[Given information]:
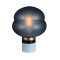 Zambelis  szürke-fekete-sárgaréz asztali lámpa (ZAM-20270) E27 1 izzós IP20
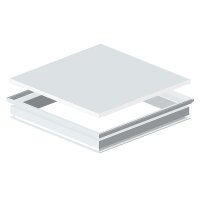 DOTLUX Einbaurahmen WINDOW für Deckenmontage versenkt 620x620mm LED-Panele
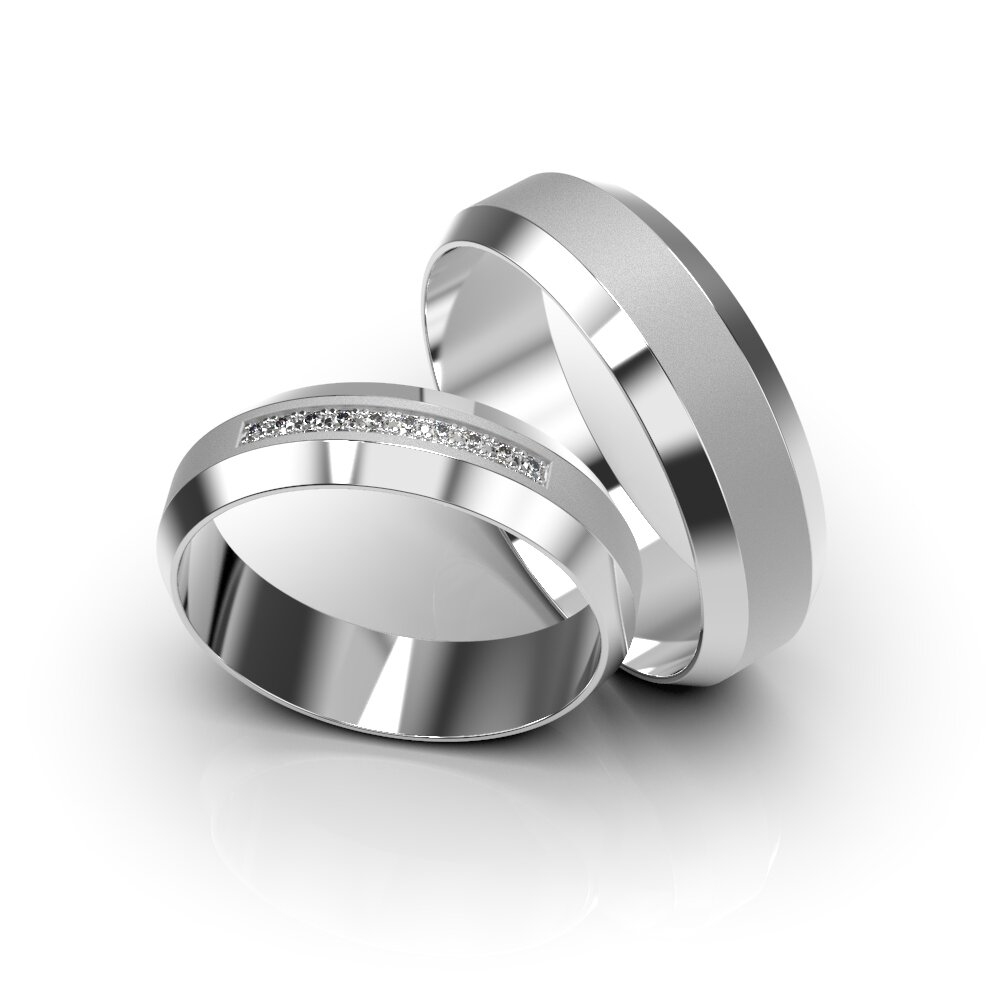 White Gold Diamond Wedding Ring 211841121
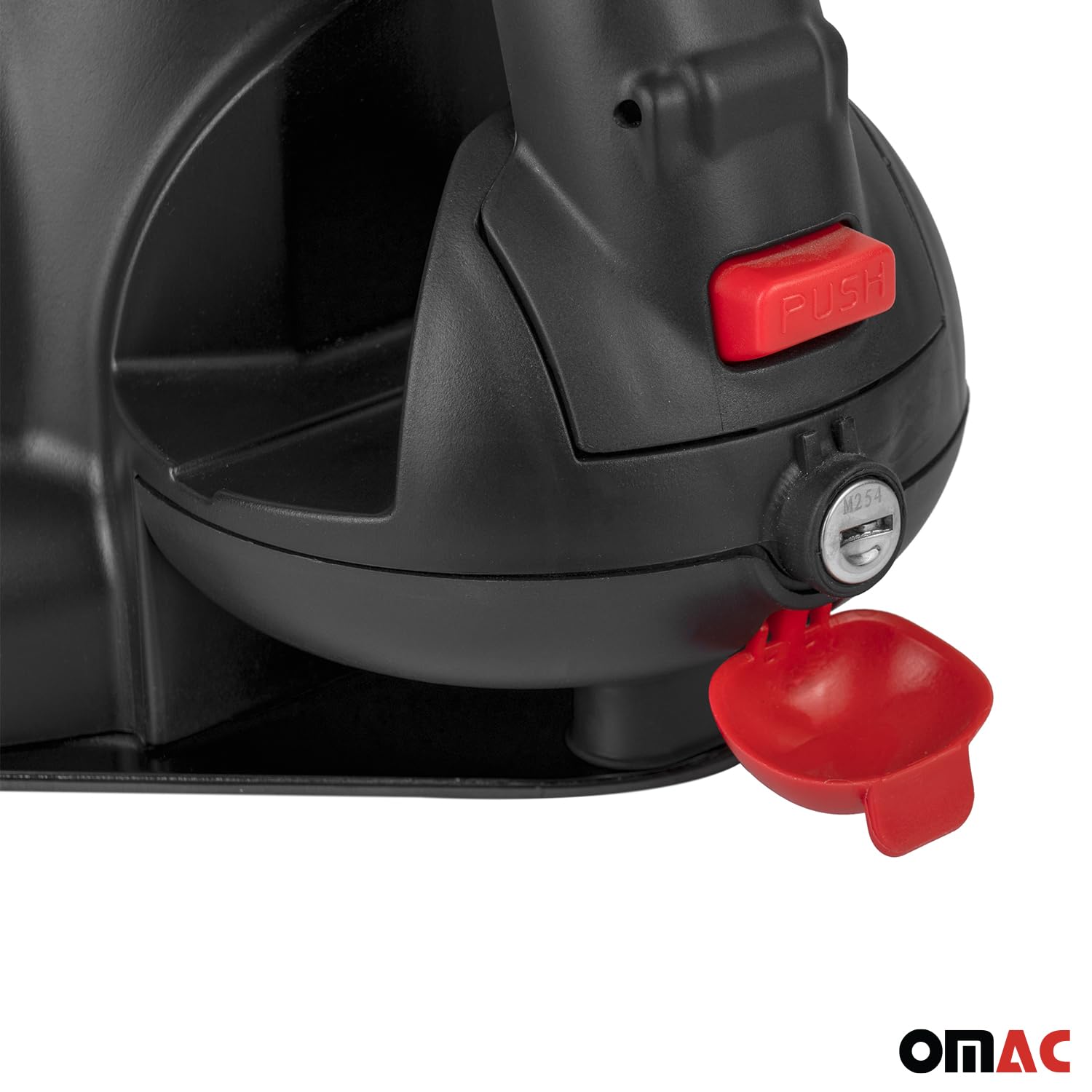 OMAC 2-Pack Black Magnetic Ski & Snowboard Roof Rack for Cars, Trucks, Vans - Universal Fit, Heavy Duty Car Carrier for Winter Sports Gear - Perfect for Ski Trips, Mountain Adventures & Snowboarding Vacations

[Task item]:
Return, exactly and without extra lines, everything from the line with "DOTLUX Einbaurahmen WINDOW" through the last line of the material above, both included. Pictures must be dropped.

[Written answer]:
 DOTLUX Einbaurahmen WINDOW für Deckenmontage versenkt 620x620mm LED-Panele
 White Gold Diamond Wedding Ring 211841121
 OMAC 2-Pack Black Magnetic Ski & Snowboard Roof Rack for Cars, Trucks, Vans - Universal Fit, Heavy Duty Car Carrier for Winter Sports Gear - Perfect for Ski Trips, Mountain Adventures & Snowboarding Vacations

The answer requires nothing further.